§ GIVEN MATERIAL:
------------------------------------------------------------

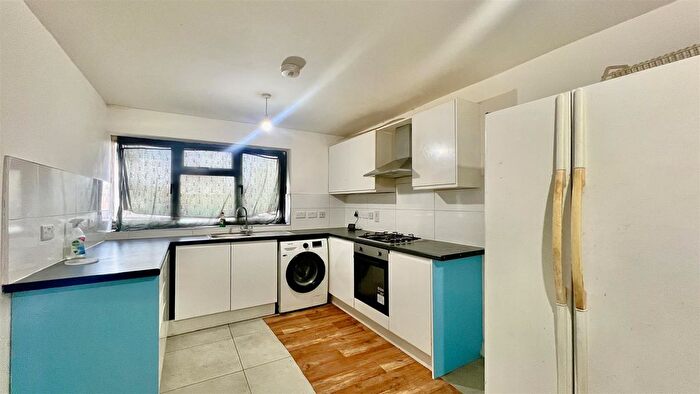 3 Bedroom Terraced House To Rent In Midsummer Avenue, Hounslow, TW4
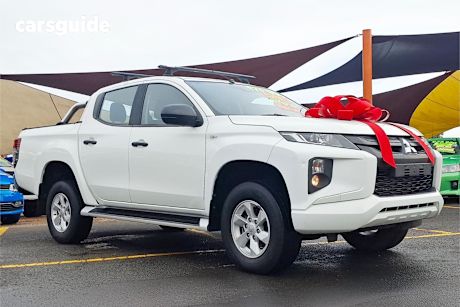 White 2019 Mitsubishi Triton Double Cab Pick Up Glx Plus (4X4)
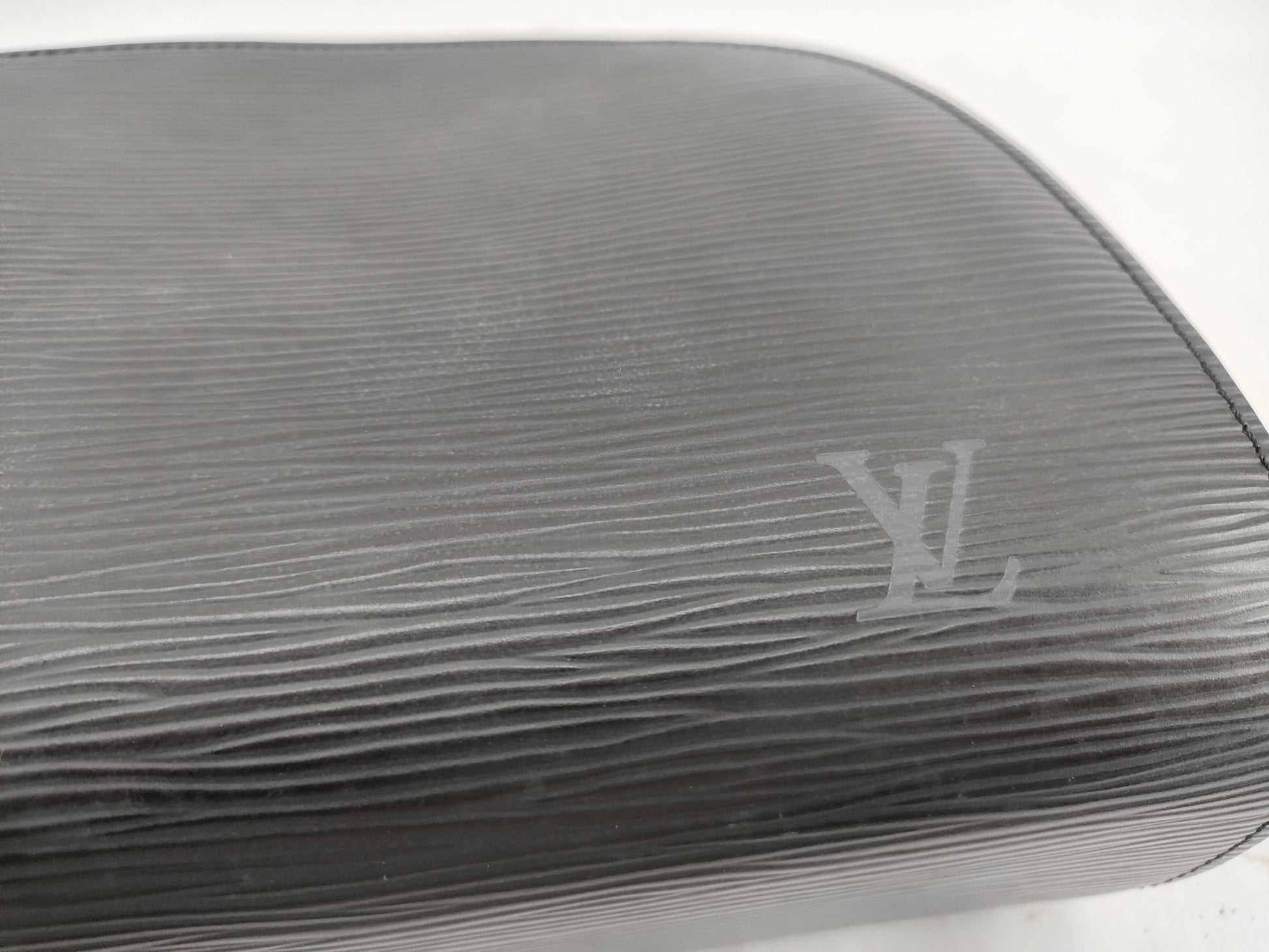 LOUIS VUITTON Epi Dauphine Clutch Bag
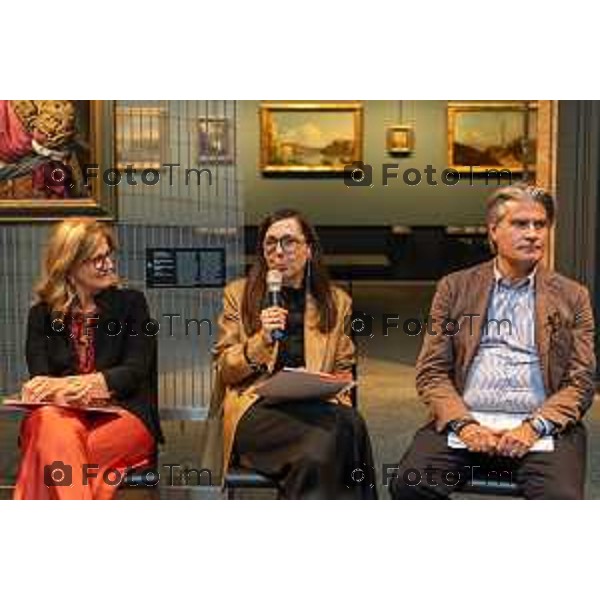 Bergamo, 25 giugno 2026 - inaugurazione CHIARA CAMONI, LA FORZA la nuova scultura permanente di Chiara Camoni che entra nel patrimonio del Museo con il contributo di PwC.intervengono: Elena Carnevali, presidente Fondazione Accademia Carrara e sindaca di Bergamo Sergio Gandi, assessore alla Cultura Comune di Bergamo Maria Luisa Pacelli, direttrice Fondazione Accademia Carrara e co-curatrice Angelo Loda, responsabile Area Patrimonio Storico Artistico Soprintendenza Archeologia belle Arti e Paesaggio per le Provincie di Bergamo e Brescia Chiara Carotenuto, Communication, Engagement & Branding PwC Italy - Partner Chiara Camoni, artista Elena Volpato, co-curatrice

------------------------------------------------------------

§ EXERCISE DIRECTIONS: Which lines run from the one containing "LOUIS VUITTON Epi Dauphine Clutch Bag" to the end of the data above? Set down those lines exactly, and only those, without any pictures.

§ TASK SOLUTION:
 LOUIS VUITTON Epi Dauphine Clutch Bag
 Bergamo, 25 giugno 2026 - inaugurazione CHIARA CAMONI, LA FORZA la nuova scultura permanente di Chiara Camoni che entra nel patrimonio del Museo con il contributo di PwC.intervengono: Elena Carnevali, presidente Fondazione Accademia Carrara e sindaca di Bergamo Sergio Gandi, assessore alla Cultura Comune di Bergamo Maria Luisa Pacelli, direttrice Fondazione Accademia Carrara e co-curatrice Angelo Loda, responsabile Area Patrimonio Storico Artistico Soprintendenza Archeologia belle Arti e Paesaggio per le Provincie di Bergamo e Brescia Chiara Carotenuto, Communication, Engagement & Branding PwC Italy - Partner Chiara Camoni, artista Elena Volpato, co-curatrice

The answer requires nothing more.